EXERCISE AIM:
The entries must be set down again word for word; no pictures belong in the copy.

SUPPLIED DATA:
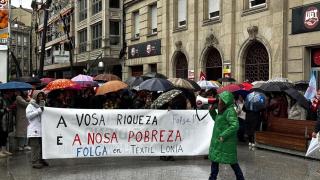 Los trabajadores de la empresa Sociedad Textil Lonia se manifiestan en Ourense para reclamar mejoras salariales y laborales .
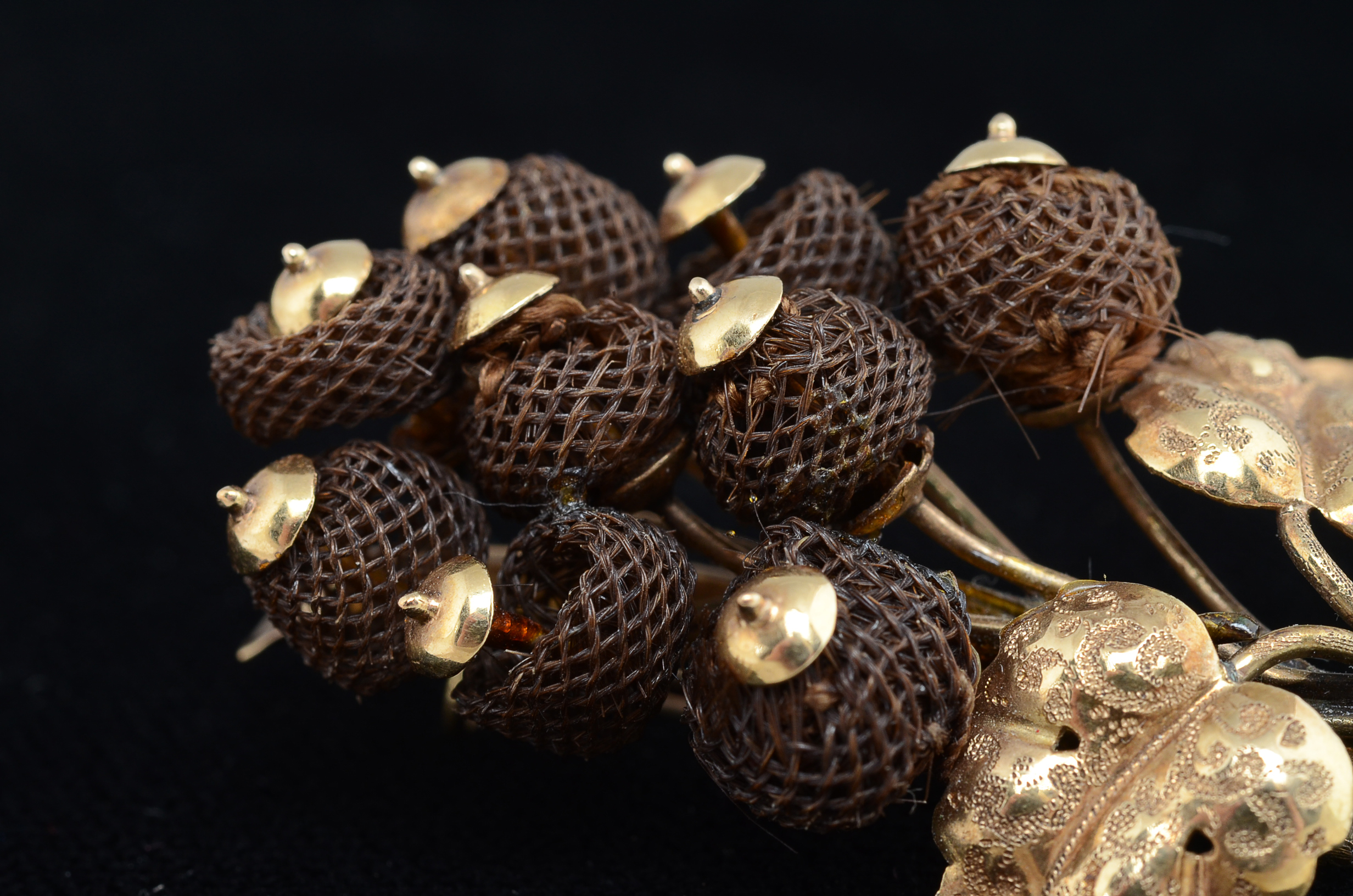 Victorian 14 K Yellow Gold Mourning Brooch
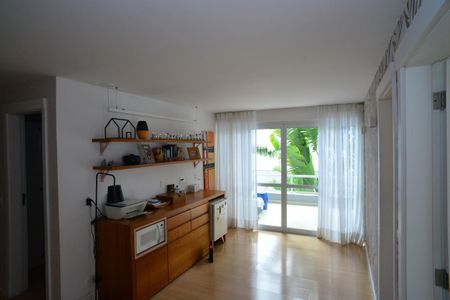 Casa de condomínio à venda com 543m², 6 quartos e 3 vagasHall dos Quartos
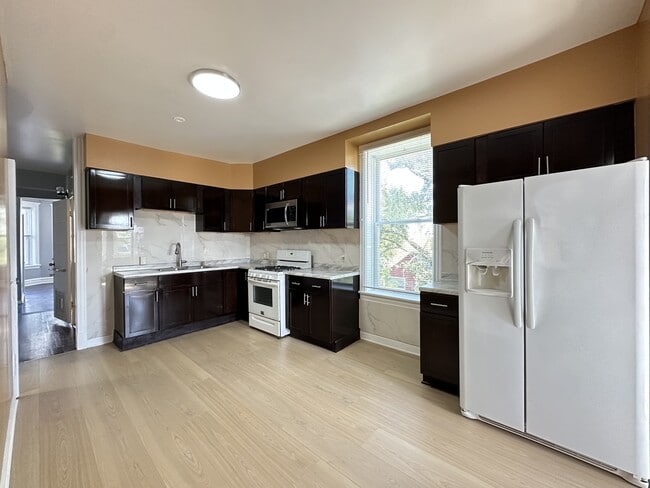 2713 W 16th St, Unit K04J in Chicago, IL - Building Photo - Building Photo
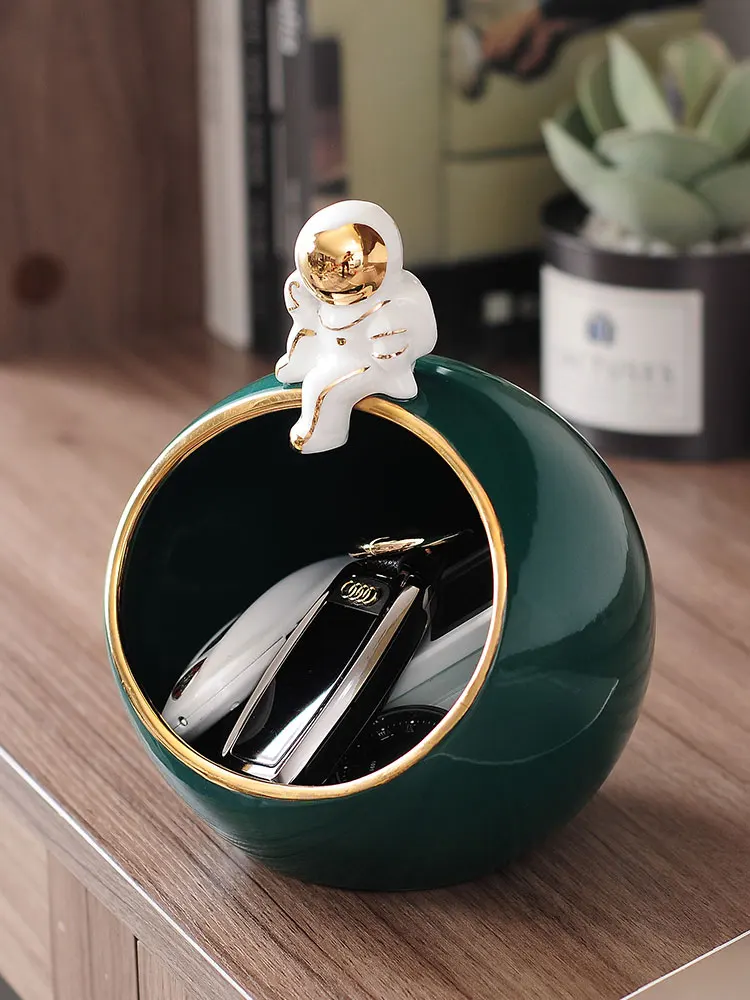 Astronaut entrance key storage decoration creative Nordic home desktop soft decoration wine cabinet spaceman
Astronaut entrance key storage decoration creative Nordic home desktop soft decoration wine cabinet spaceman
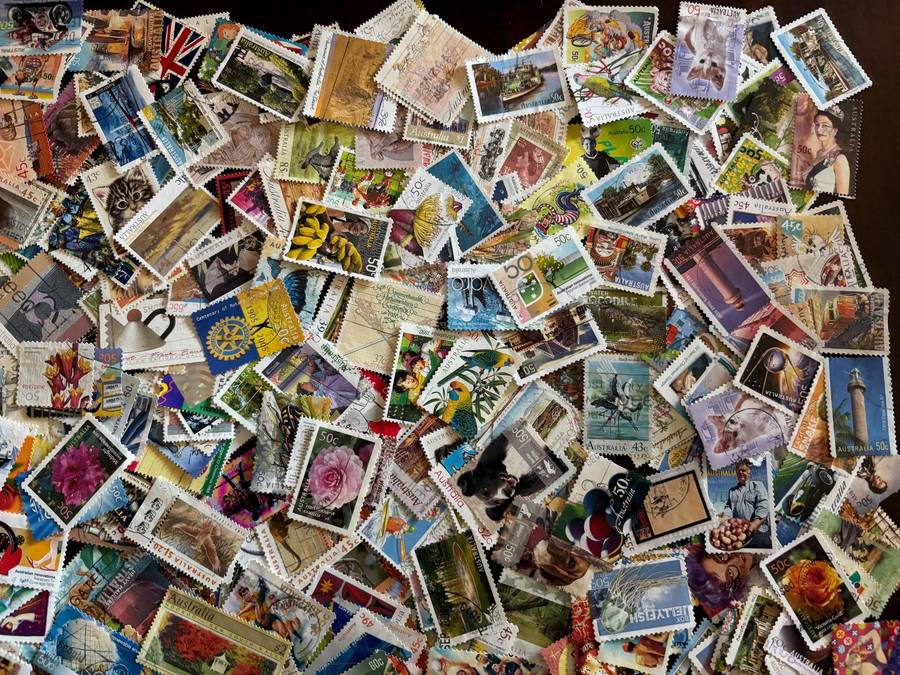 AUSTRALIA - 1988/2010 Issues Very nice range of 500 stamps NO DUPLICATES VF USED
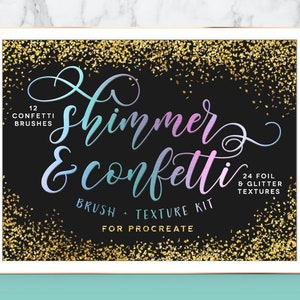 Può includere: Un tablet digitale che mostra una grafica per un kit di pennelli e texture Procreate chiamato "Shimmer & Confetti". La grafica presenta uno sfondo nero con coriandoli dorati e una sovrapposizione di testo olografico. Il kit include 12 pennelli per coriandoli e 24 texture di lamina e glitter.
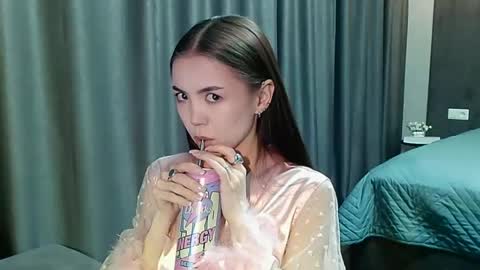 Snapshot of sweetieee_kira chatting on 9, 11, 2025 sweetieee_kira online show from 9, 11, 2025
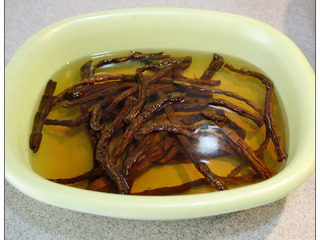 1、牛肉干笋臊子,干笋用清水浸泡一天，期间换水几次。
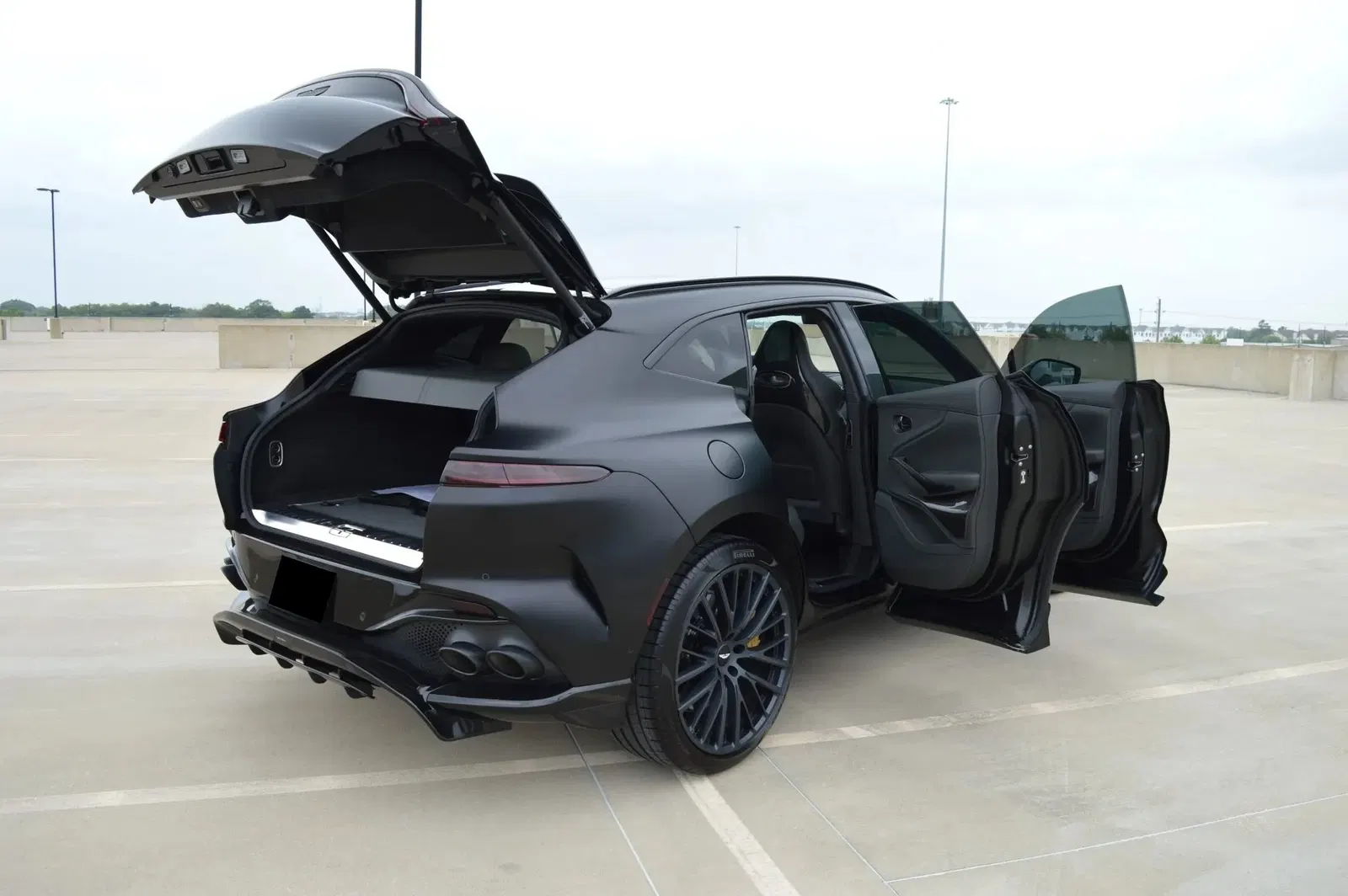 2023 Aston Martin DBX707
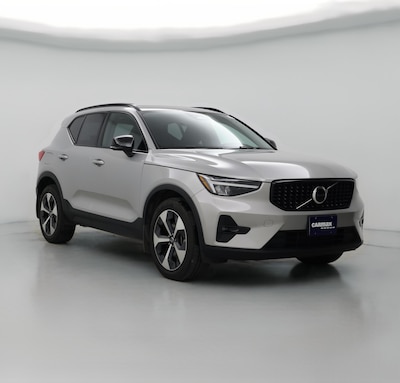2023 Volvo XC40 B4 Plus Bright Theme
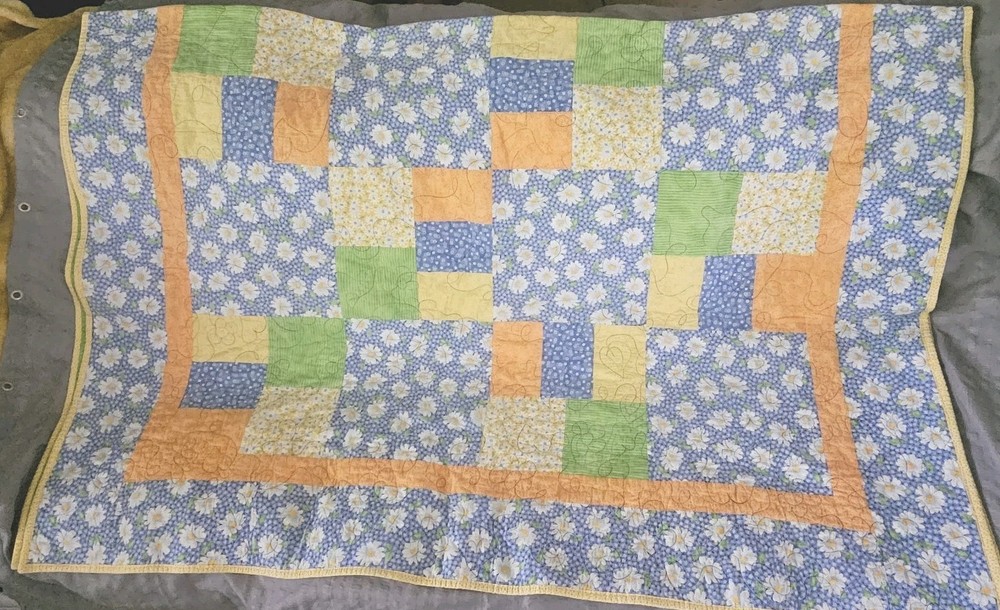 Patchwork Quilt Blanket Handmade Machine Sewn Double-Side Prints Daisy 5x8 READ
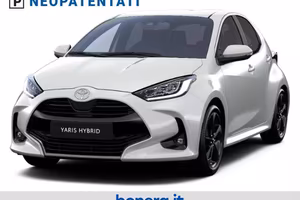Toyota Yaris 1.5h 130 Premium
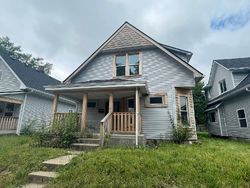 Pre-foreclosure in  N MOUNT ST Indianapolis, IN 46222
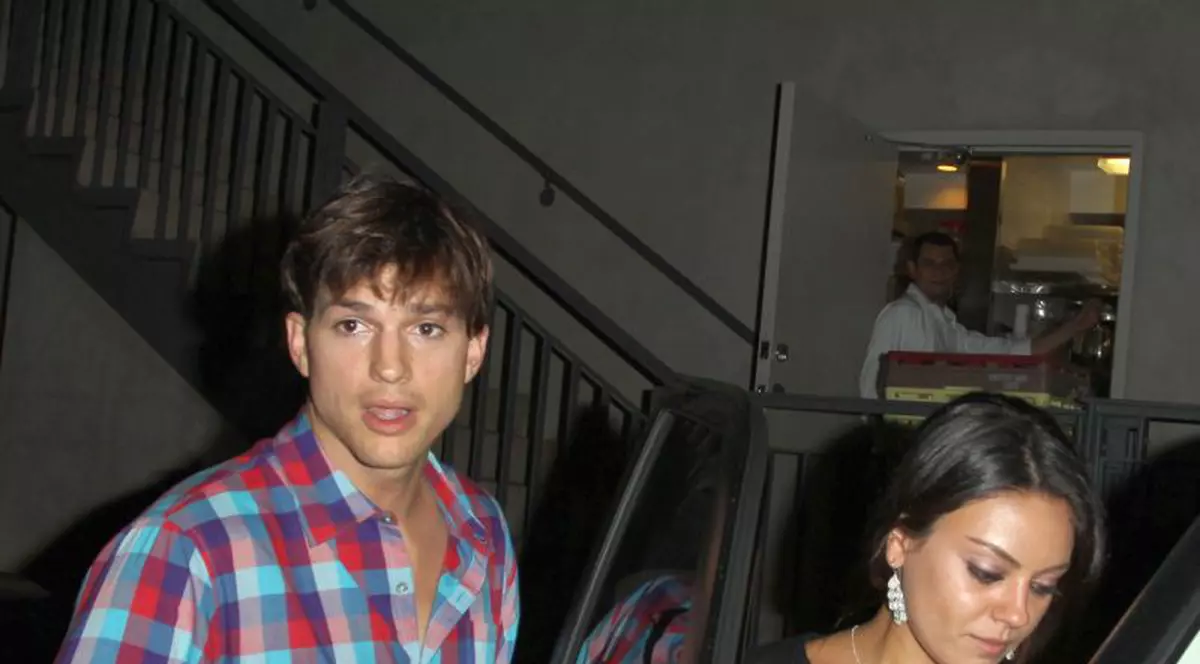 Mila Kunis şi Ashton Kutcher vor avea gemeni? Actriţa este însărcinată în 4 luni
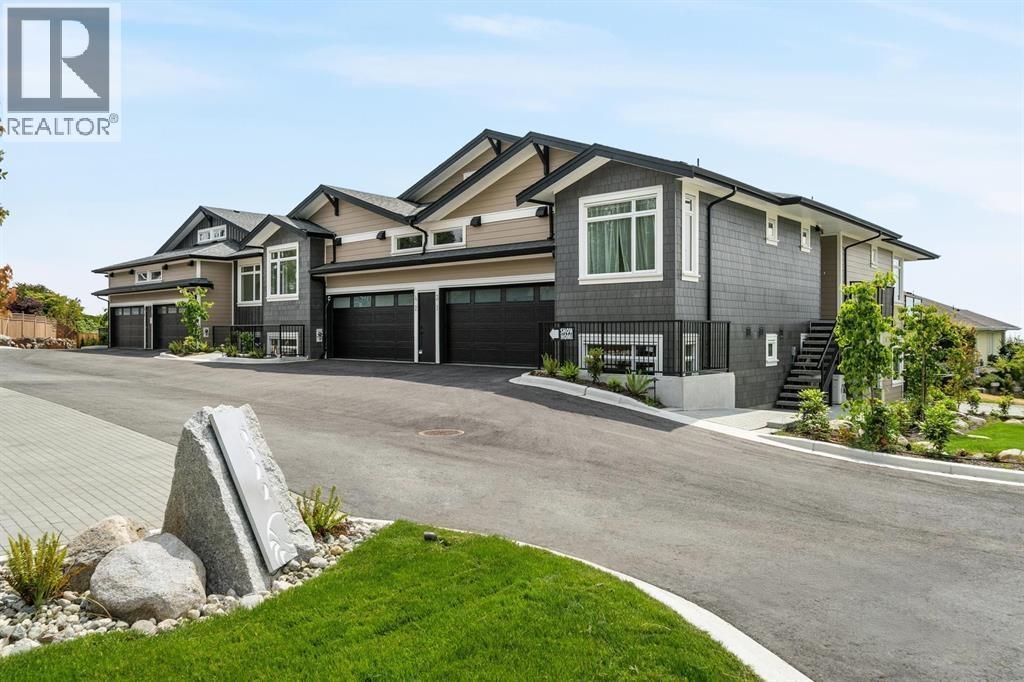 7 5522 Mccourt Road, Sechelt, British Columbia  V0N 3A7 - Photo 1 - R3112455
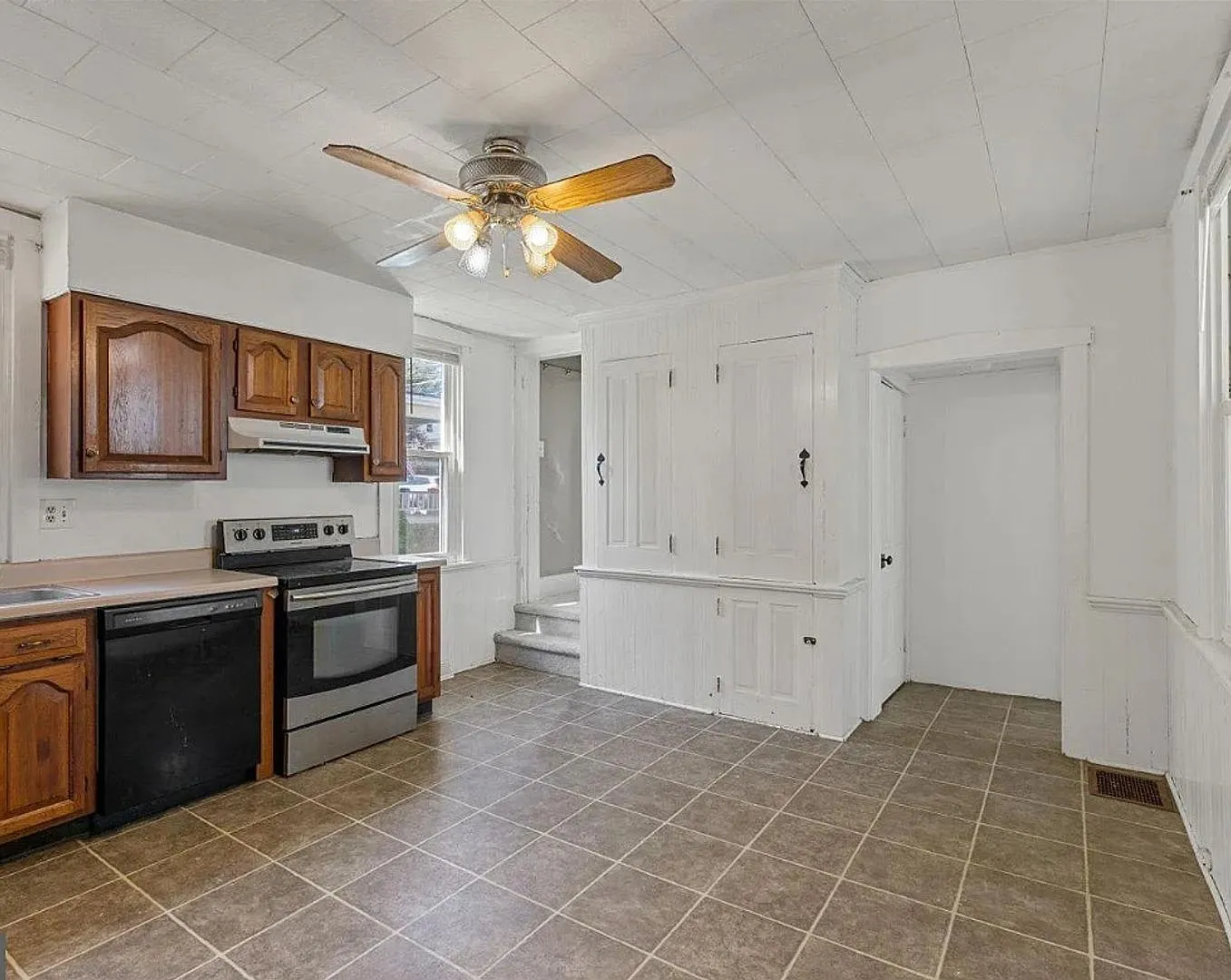 3 Bedroom, 2 Bathroom Home in Lititz! Available 11/15 — Photo 3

RESPONSE TO THIS TASK:
 Los trabajadores de la empresa Sociedad Textil Lonia se manifiestan en Ourense para reclamar mejoras salariales y laborales .
 Victorian 14 K Yellow Gold Mourning Brooch
 Casa de condomínio à venda com 543m², 6 quartos e 3 vagasHall dos Quartos
 2713 W 16th St, Unit K04J in Chicago, IL - Building Photo - Building Photo
 Astronaut entrance key storage decoration creative Nordic home desktop soft decoration wine cabinet spaceman
Astronaut entrance key storage decoration creative Nordic home desktop soft decoration wine cabinet spaceman
 AUSTRALIA - 1988/2010 Issues Very nice range of 500 stamps NO DUPLICATES VF USED
 Può includere: Un tablet digitale che mostra una grafica per un kit di pennelli e texture Procreate chiamato "Shimmer & Confetti". La grafica presenta uno sfondo nero con coriandoli dorati e una sovrapposizione di testo olografico. Il kit include 12 pennelli per coriandoli e 24 texture di lamina e glitter.
 Snapshot of sweetieee_kira chatting on 9, 11, 2025 sweetieee_kira online show from 9, 11, 2025
 1、牛肉干笋臊子,干笋用清水浸泡一天，期间换水几次。
 2023 Aston Martin DBX707
2023 Volvo XC40 B4 Plus Bright Theme
 Patchwork Quilt Blanket Handmade Machine Sewn Double-Side Prints Daisy 5x8 READ
Toyota Yaris 1.5h 130 Premium
 Pre-foreclosure in  N MOUNT ST Indianapolis, IN 46222
 Mila Kunis şi Ashton Kutcher vor avea gemeni? Actriţa este însărcinată în 4 luni
 7 5522 Mccourt Road, Sechelt, British Columbia  V0N 3A7 - Photo 1 - R3112455
 3 Bedroom, 2 Bathroom Home in Lititz! Available 11/15 — Photo 3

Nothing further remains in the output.